The next, risky bit was assembling the cake stand. It has three metal poles which each skewers
through the middle of a whole cake to screw into the stand above. We decided it was best to do this by
skewering upwards through the cake from the hole beneath it, so we didn’t need
to move the carefully layered cake to align it from above. This meant I carefully held the cake stand
overhanging the edge of the table, while Lu sat on the floor beneath it, poking
a hole through the middle (using the dismantled central pole from a caffetiere
plunger as I’d forgotten to bring skewers!)
Once that nervousness was over, the three of us each carried a tier
downstairs, through the back garden and into the marquee. Here we carefully screwed the cake stand
together, trying not to make a mess of the silk table runners upon which it
sat! Finally, the three tiers were
together, and all that remained was for me to decorate it with the petals,
berries, candied oranges and Earl Grey gold dust.

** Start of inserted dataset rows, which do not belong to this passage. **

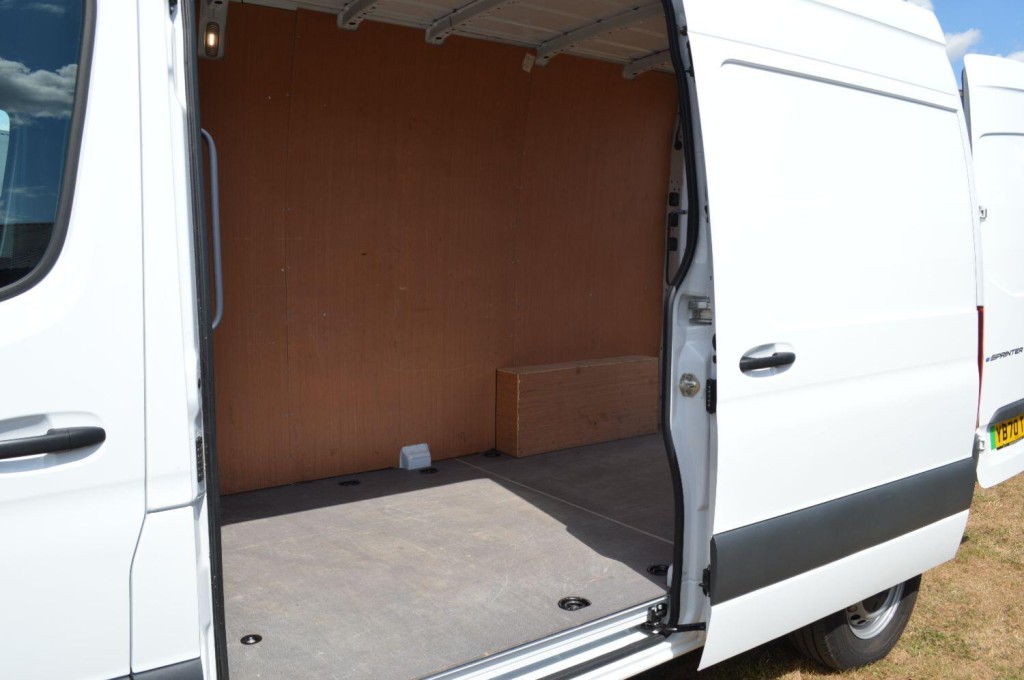 MERCEDES-BENZ ESPRINTER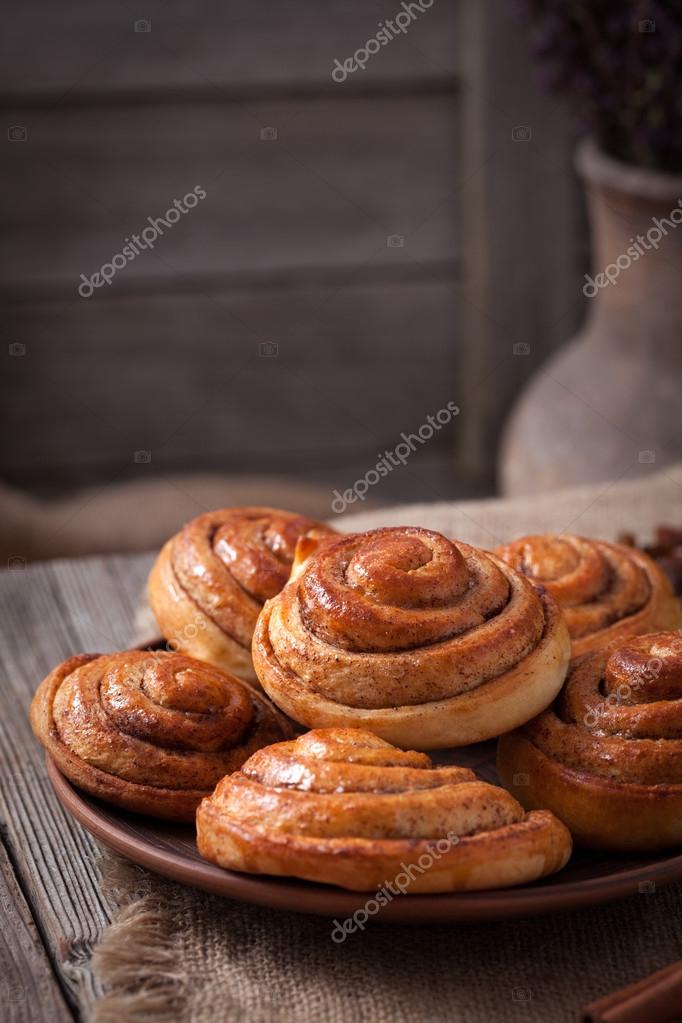 Douce Brioche Cannelle rouleaux Noël scandinave délicieux dessert sucré sur table vintage woonde. Kanelbullar suédois traditionnel, boulangerie pâtisserie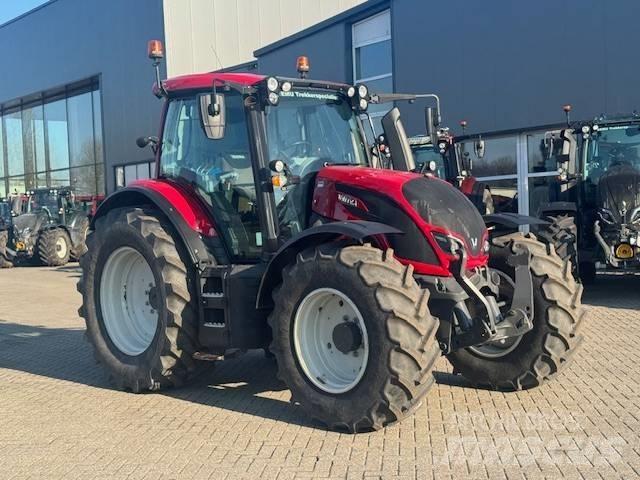 Valtra N134 Hitech الجرارات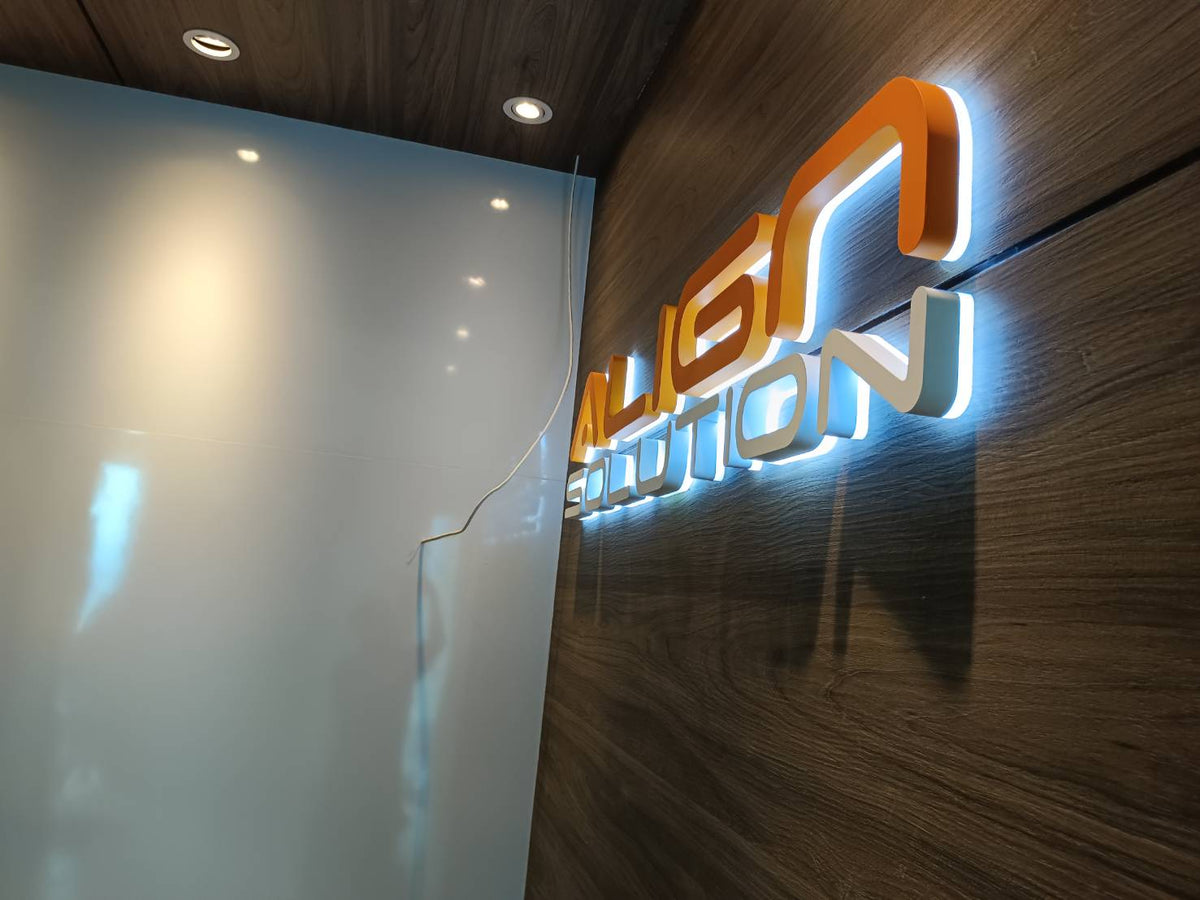 ป้ายไฟออกหลัง และอะคริลิคซ้อนหลัง แสงไฟสวยหรู สะท้อนกำแพงโดดเด่น เหมาะสำหรับป้ายบริษัท ร้านค้า และงานตกแต่งอาคาร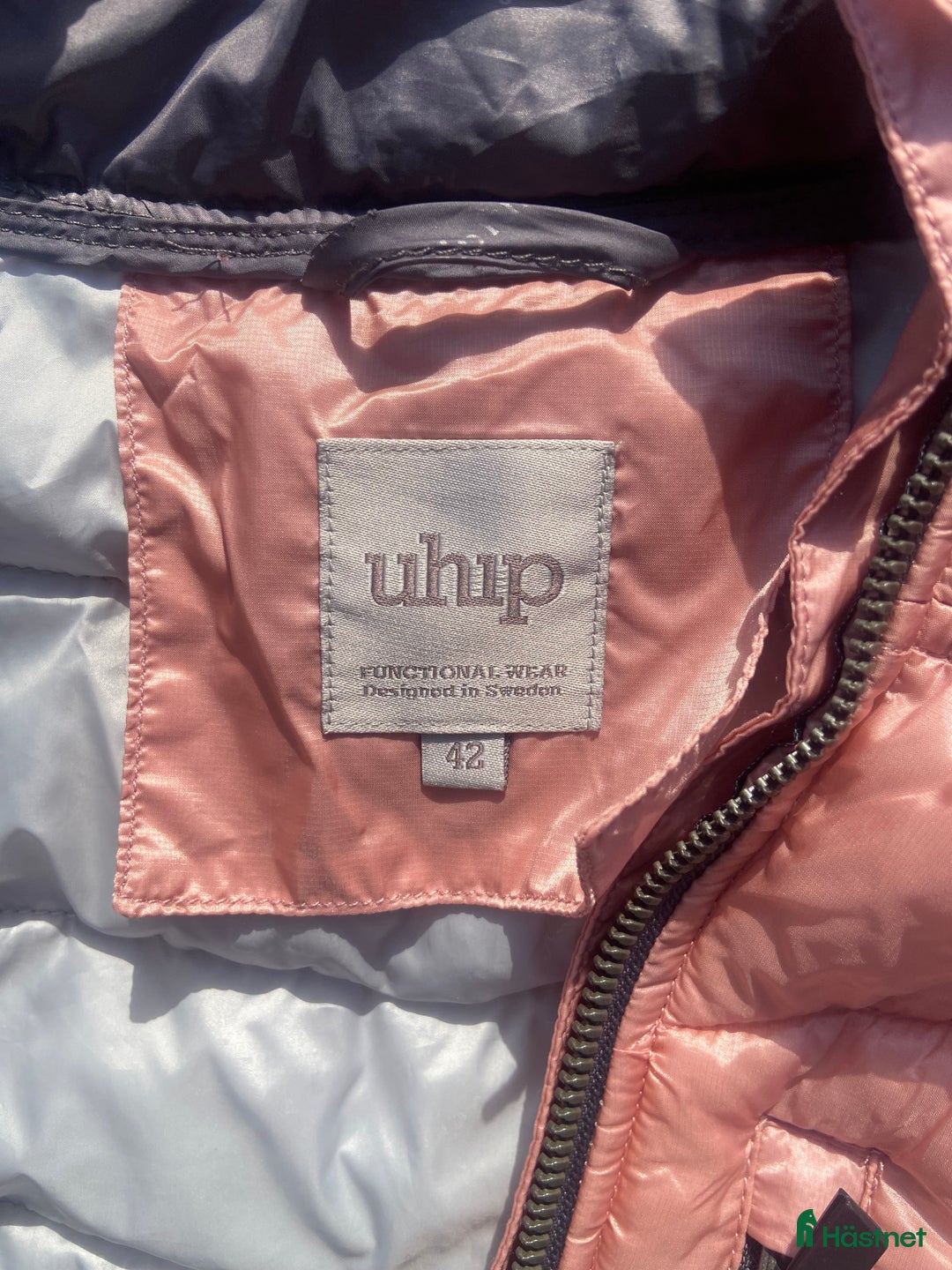 Jackor & Kavajer ryttarutrustning till salu:  Uhip väst i nyskick!  i Vendelsö - Annons 2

As soon as it was done, I rushed to change into my dress,
and dashed to Ellie’s Den to make flower girl head-dresses and help Ellie get
ready. The three day whirlwind was over –
and time for the wedding to begin! We
walked through the woods – which as a child I would definitely have thought of
as an enchanted forest where fairies resided – and came to a beautiful sunny
clearing, with the most stunning views over the sea. It was a magical ceremony, followed by a
fantastic party back at Beau Sejour. The
cake was a hit – a huge queue formed as Ellie and Ruadhan cut it, and the whole
thing was demolished before you knew it.
A mark of success I think!
The queue for the cake |
BEAUTIFUL and so well thought out! xxx
ReplyDeleteThis was lovely to read, thanks so much Charlie. You seemed so calm coming to chat to us while the beauties were in the oven. The cake tasted especially amazing even after all that continuous flow of wine! I think I had some off two tiers. I'm not joking, I'm not normally much of a cake lover, but this was incredible and I NEVER crave chocolate but I have been continuously since eating it! Lots of love, Ellie's Cousin xxxx
ReplyDeleteIt was the best wedding cake I ever saw. I only tasted the chocolate and it was delicious!